Nader's prospects for at least making a blip in November - assuming he stays in the race - rest in the hands of a group many experts call relatively small in number, but remarkably broad in terms of the agendas it represents.

Some of Nader's "true believers," as one observer calls them, have an almost nihilistic take on major-party politics. But his supporters also include some conservative Christians, one of whom calls Nader a "puritan patriot [whose] morals require all of us to do more for each other and the public good."Also among core backers: ardent internationalists and elements of the more isolationist Reform Party.

"They don't care about Republican or Democratic politics," says Michael McDonald, professor of public affairs at George Mason University in Fairfax, Va. "They have a commitment to something they believe in, and they're going to support that."

Democrats have worked hard to win them over, labeling votes for Nader as wasted votes and citing Al Gore's contested 537-vote loss in 2000 in electoral-vote-rich Florida.

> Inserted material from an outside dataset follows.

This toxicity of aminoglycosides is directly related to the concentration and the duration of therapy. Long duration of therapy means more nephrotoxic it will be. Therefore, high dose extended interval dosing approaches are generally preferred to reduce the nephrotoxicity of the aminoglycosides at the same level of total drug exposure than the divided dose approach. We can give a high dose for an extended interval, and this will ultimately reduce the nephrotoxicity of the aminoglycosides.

Nader drew 97,000 votes there - many of which were probably pulled from Mr. Gore.

Howard Dean - whose "Deaniac" followers were thought by some observers to be among the ripest for conversion to the Naderite nation - wrote an opinion piece in Monday's New York Times that hailed Nader's accomplishments but added that Nader had "no realistic shot," and cited the "danger of voting for any third-party candidate in elections this close."

Indeed, some experts point to signs that commitment to Nader could falter as the election nears.

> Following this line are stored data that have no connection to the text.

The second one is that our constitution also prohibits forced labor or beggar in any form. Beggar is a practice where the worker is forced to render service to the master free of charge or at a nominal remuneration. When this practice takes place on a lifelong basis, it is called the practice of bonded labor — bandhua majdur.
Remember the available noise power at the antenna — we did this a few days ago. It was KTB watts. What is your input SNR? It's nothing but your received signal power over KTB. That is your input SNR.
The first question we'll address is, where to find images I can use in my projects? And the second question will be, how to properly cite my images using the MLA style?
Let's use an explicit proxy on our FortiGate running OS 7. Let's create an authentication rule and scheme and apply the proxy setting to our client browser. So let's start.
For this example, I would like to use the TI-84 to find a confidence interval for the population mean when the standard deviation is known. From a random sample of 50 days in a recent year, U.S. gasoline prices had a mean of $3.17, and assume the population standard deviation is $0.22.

"I suspect one of the reasons Nader will likely end up with much less support - aside from the fact that he's not likely to get onto the ballot in some states - is that many of his voters did accept the analysis [that he was a spoiler]," says Howard Gold, a professor of government at Smith College in Northampton, Mass.

Only the relatively few who reject that analysis - perhaps less than half the 2.7 percent Nader won over in 2000, says Mr. Gold - will stay with him. Polls show he is now drawing anywhere from 2 to 6 percent.

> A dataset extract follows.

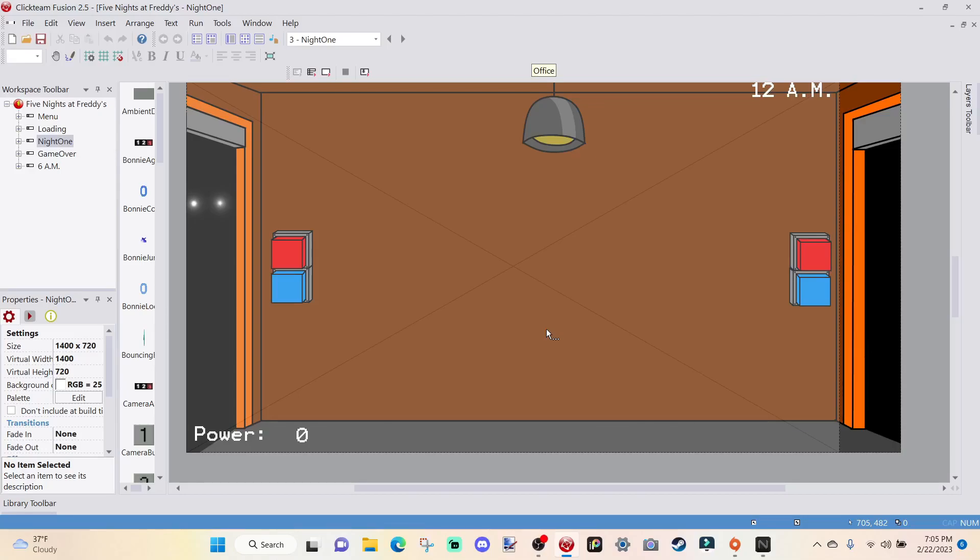Hey, what's going on everybody? I am your host, Cameron, and today we are going to be continuing with a series on how to make a Five Nights at Freddy's fangame in Clickteam Fusion 2.5.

"You're talking about the ultimate protest voter," Gold says of the holdouts. "Their vote is an expression of disaffection from the system.... [But] I think it'll be tempered by what's happened in the past four years, and by an awareness among former Nader voters about the consequence of their actions."

Yet nothing seems to anger Naderites more than being told they should feel chastened by Gore's loss.

"That is offensive," says Julio Postigo, a retired physician in Miami. "By saying that, they are trying to deny me a choice [in 2004].... I like Ralph," says Mr. Postigo. "I think that he has a chance to build a party," Green or otherwise.

Nader is running this time as an Independent. That his appeal seems to cut across so many lines - even within a small bloc - is significant, observers say.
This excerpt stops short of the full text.